Ich kann hier beim besten Willen nichts entdecken, das mich veranlassen könnte, jemandem zu raten, die Ausbildung zum Lehrer aufzugeben. Im Gegenteil: Hier handelt es sich um Aufgaben, die die Ausbildung anpacken sollte!
Ganz anders die Sichtweise der beteiligten Ausbilder. Da werden „Rüffel“ verteilt, hektische Betriebsamkeit gezeigt, elementare Regeln der Hospitationskunst verletzt und die Referendarin kritisiert. Schließlich erteilt man ihr den Rat, ihre Ausbildung abzubrechen. Leicht könnte man der Versuchung erliegen, diesen Damen und Herren Schuld zuzuweisen. Doch weil auch diese durch das schmiedende Feuer einer ähnlich fatalen Lehrerausbildung gehärtet worden sind, - womit ich nicht der Verantwortungslosigkeit das Wort reden möchte – wollen wir sie als das nehmen, was sie sind: Ausbildende Pädagogen, die keine Anleitung zum Lehrberuf erfahren haben, sondern so – wie sie es mit pf machen – zu einem funktionierenden Rädchen im Gefüge der Schule verbogen, d.h. verleitet worden sind. Es gilt, sie aufzuklären! Denn das, was aus ihrer Sicht plausibel erscheint, ist bei genauem Hinsehen Unsinn. Hier wird einer Referendarin die erfreulicherweise, auf Grund eigenen Hinschauens eigene Urteile fällt, die – was sie soll und darf – Fehler macht, Ausbildung verweigert. Man signalisiert ihr lediglich, dass sie funktionieren soll. Sie soll keine Beschwerden verursachen, und das in einem doppelten Sinne. Weil sie aber beharrlich weiter ausgebildet werden will (Sie will eine brauchbare Lehrerpersönlichkeit entwickeln. Siehe unten.), indem sie widerspricht (aufmuckt), selber denkt, vermutlich auch experimentiert wird sie als ungeeignet für diese Ausbildung gehalten. Ich frage mich (nicht zum ersten Mal in meinem Leben), welchen Wert hat eine solche Ausbildung?
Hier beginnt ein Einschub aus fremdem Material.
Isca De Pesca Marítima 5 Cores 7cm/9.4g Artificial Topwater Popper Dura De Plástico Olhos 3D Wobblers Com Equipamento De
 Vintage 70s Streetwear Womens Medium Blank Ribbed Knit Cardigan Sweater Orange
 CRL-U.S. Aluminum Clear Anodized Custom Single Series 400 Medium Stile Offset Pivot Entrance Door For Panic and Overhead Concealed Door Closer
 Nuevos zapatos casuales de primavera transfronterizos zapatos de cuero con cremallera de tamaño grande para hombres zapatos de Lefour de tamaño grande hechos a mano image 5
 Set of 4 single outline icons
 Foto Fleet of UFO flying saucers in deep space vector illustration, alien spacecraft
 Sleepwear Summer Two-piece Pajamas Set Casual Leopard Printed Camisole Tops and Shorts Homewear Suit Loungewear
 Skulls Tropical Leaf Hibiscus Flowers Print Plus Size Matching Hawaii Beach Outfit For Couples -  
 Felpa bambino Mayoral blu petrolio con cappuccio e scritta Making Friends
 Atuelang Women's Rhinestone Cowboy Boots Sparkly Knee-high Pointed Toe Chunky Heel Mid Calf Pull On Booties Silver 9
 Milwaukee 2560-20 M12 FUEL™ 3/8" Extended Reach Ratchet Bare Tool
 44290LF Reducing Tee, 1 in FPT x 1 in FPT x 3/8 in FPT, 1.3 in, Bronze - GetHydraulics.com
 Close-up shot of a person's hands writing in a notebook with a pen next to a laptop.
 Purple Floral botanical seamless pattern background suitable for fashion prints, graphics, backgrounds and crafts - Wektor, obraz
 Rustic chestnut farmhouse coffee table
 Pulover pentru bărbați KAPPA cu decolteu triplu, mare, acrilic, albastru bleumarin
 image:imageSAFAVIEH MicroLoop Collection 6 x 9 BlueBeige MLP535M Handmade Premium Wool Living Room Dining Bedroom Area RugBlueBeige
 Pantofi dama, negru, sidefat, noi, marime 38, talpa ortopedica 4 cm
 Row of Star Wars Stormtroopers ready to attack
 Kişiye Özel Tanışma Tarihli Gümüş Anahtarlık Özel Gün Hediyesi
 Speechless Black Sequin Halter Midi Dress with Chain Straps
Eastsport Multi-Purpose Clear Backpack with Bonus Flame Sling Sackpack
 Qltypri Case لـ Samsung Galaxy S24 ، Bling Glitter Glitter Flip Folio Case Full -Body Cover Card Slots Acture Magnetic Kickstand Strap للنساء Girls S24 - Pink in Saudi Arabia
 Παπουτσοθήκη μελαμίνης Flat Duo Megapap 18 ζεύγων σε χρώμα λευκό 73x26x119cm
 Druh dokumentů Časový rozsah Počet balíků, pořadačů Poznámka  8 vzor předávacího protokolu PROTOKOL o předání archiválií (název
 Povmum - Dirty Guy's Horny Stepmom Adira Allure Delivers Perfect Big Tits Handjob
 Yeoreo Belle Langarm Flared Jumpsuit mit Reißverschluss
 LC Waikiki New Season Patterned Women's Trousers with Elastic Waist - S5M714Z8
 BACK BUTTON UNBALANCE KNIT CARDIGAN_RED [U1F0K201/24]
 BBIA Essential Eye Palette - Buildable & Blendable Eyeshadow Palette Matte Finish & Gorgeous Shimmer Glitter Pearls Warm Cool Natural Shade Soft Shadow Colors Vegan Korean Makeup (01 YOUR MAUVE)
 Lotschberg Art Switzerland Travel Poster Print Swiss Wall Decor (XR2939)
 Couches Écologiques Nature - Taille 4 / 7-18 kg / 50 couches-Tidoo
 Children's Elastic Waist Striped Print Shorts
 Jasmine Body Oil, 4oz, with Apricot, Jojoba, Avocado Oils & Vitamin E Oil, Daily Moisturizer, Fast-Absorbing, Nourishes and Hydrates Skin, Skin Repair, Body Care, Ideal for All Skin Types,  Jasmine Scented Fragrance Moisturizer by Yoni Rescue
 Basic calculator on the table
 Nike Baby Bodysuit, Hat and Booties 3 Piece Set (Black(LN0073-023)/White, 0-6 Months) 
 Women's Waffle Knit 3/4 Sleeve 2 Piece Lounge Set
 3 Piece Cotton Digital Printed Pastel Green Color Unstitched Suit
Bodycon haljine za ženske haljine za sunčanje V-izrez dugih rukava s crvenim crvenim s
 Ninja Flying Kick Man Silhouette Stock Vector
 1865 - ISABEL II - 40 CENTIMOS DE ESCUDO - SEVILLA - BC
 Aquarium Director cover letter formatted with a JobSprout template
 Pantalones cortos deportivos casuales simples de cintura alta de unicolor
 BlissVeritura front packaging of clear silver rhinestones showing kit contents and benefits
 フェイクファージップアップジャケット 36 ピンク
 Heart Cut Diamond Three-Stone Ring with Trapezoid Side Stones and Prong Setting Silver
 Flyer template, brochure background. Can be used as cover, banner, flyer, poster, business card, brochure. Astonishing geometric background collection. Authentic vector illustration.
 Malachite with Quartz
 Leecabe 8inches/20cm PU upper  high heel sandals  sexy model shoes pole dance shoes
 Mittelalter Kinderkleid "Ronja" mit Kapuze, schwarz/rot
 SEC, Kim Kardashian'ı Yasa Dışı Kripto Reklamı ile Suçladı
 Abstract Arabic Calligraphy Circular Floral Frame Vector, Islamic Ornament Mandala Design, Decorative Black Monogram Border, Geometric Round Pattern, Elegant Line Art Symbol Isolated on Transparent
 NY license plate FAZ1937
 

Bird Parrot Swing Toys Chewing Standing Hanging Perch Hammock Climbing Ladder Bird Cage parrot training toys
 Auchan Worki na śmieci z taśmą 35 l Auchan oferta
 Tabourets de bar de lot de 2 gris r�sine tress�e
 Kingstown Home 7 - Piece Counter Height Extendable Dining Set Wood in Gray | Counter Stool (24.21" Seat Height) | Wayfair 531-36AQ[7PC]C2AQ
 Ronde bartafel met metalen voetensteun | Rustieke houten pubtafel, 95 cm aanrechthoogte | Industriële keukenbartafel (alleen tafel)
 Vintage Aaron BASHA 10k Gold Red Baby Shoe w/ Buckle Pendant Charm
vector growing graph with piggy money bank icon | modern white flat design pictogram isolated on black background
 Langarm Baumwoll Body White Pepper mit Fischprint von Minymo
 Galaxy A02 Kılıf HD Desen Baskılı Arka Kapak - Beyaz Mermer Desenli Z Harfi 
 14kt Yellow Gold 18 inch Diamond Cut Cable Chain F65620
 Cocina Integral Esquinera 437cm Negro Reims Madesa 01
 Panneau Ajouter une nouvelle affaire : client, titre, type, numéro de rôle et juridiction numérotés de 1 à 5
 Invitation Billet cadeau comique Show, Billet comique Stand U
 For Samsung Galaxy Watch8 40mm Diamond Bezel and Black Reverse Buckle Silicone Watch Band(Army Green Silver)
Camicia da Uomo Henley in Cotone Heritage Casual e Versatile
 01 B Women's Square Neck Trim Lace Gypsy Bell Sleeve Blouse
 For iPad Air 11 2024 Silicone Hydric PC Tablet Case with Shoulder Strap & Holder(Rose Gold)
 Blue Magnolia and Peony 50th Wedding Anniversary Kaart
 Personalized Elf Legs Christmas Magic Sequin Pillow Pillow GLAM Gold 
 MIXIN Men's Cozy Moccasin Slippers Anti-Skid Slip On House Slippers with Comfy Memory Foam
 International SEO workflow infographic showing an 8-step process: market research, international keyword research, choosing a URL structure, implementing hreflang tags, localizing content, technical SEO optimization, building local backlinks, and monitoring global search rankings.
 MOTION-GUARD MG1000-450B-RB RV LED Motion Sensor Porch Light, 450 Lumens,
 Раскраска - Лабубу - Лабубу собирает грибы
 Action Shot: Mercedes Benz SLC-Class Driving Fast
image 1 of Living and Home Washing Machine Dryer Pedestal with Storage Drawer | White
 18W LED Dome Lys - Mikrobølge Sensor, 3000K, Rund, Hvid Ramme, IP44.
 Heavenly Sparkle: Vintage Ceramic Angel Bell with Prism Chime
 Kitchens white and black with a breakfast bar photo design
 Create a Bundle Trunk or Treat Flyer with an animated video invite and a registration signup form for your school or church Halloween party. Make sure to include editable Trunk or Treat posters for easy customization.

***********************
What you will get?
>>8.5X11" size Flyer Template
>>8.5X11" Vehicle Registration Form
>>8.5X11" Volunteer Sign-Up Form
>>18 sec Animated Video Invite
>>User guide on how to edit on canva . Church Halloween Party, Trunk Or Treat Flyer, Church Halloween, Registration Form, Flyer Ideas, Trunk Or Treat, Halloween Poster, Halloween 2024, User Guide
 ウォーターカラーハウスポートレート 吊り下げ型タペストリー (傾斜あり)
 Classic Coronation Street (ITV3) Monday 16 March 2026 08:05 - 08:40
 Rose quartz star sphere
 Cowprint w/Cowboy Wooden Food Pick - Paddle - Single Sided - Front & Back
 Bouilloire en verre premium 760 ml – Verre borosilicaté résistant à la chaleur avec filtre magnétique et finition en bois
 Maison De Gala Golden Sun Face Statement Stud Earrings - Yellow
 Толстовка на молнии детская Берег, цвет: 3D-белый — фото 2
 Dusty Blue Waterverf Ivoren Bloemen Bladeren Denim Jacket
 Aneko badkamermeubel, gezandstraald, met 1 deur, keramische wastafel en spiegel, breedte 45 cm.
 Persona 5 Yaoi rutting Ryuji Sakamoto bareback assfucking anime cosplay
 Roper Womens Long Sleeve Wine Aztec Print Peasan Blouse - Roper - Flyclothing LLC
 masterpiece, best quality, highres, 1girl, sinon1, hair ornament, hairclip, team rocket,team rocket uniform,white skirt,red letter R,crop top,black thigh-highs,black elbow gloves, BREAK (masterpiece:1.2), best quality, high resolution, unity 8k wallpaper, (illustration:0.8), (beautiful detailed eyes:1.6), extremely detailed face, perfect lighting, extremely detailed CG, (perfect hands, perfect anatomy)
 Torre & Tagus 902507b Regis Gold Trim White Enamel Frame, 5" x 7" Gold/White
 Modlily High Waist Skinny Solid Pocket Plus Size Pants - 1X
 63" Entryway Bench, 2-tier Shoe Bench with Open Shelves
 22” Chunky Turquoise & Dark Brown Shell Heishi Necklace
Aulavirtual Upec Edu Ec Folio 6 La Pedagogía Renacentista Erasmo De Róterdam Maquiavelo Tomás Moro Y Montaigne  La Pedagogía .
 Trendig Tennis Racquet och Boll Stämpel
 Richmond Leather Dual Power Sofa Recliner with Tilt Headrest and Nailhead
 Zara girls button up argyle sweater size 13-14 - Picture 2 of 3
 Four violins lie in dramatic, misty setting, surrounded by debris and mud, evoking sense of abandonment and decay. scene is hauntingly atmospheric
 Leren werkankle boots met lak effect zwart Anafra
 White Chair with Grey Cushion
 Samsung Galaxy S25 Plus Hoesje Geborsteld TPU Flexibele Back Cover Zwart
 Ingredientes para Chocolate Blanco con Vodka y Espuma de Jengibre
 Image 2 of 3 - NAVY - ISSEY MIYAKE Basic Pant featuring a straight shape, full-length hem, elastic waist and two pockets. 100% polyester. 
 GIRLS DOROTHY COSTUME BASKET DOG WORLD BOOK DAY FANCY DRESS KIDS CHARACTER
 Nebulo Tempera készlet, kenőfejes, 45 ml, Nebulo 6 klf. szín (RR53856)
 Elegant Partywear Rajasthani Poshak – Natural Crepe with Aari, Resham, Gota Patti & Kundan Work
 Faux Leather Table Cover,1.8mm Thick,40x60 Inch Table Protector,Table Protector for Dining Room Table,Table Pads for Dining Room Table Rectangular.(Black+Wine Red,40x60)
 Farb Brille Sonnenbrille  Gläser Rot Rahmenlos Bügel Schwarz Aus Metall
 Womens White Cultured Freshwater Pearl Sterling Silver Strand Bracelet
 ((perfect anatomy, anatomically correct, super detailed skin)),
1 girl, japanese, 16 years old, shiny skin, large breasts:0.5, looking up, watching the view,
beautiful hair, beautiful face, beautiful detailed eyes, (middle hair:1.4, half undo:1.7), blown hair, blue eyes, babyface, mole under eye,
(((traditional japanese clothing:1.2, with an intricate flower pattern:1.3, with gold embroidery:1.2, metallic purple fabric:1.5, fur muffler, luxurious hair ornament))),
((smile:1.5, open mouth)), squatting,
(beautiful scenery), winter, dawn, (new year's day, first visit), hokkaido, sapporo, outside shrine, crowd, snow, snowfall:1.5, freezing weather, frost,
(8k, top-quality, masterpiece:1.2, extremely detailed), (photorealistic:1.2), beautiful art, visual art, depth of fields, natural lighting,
Die Folgen für powerflower und für jeden, der ähnliches erlebt, sind verheerend. Die Verunsicherung durch die Aufforderung zu funktionieren, beeinträchtigt ihren Unterricht. Sie wird unsicher, nervös. Sie hat sogar Angst um Hilfe nachzusuchen, weil sie negative Konsequenzen befürchtet.
Aber sie macht nicht nur sehr schwere Zeiten durch, nein, die Geschichte nagt an ihrer Selbstachtung. Sie beschuldigt sich weiterhin selbst am Scheitern beteiligt gewesen zu sein, sie empfindet ihre Behinderung, ich weiß nicht zum wievielten Male in ihrem Leben als schuldhaft, Sie sieht sich gebrandmarkt, stigmatisiert sollte sie das Referendariat noch einmal aufnehmen wollen.
Dabei bringt sie viele Vorrausetzungen mit, die sie im Lehrberuf dringend brauchen kann: Sie besitzt Beobachtungsgabe, Urteilsfähigkeit, weiß um ihre Defizite und Lernbedarf. Und noch eins: Sie weiß, dass ihre eigene Persönlichkeit von großer Wichtigkeit ist. Sie wollte lernen an sich das zu entwickeln, was ihr als Ideal eines Lehrers vor Augen stand. Doch sie erhielt nicht die entsprechende Ausbildung. Denn sie scheiterte letztlich „an den Vorgaben, die ... als Referendarin einzuhalten“ waren.
Am Anfang ging es ums Versagen. Frage: Wer oder was hat hier versagt?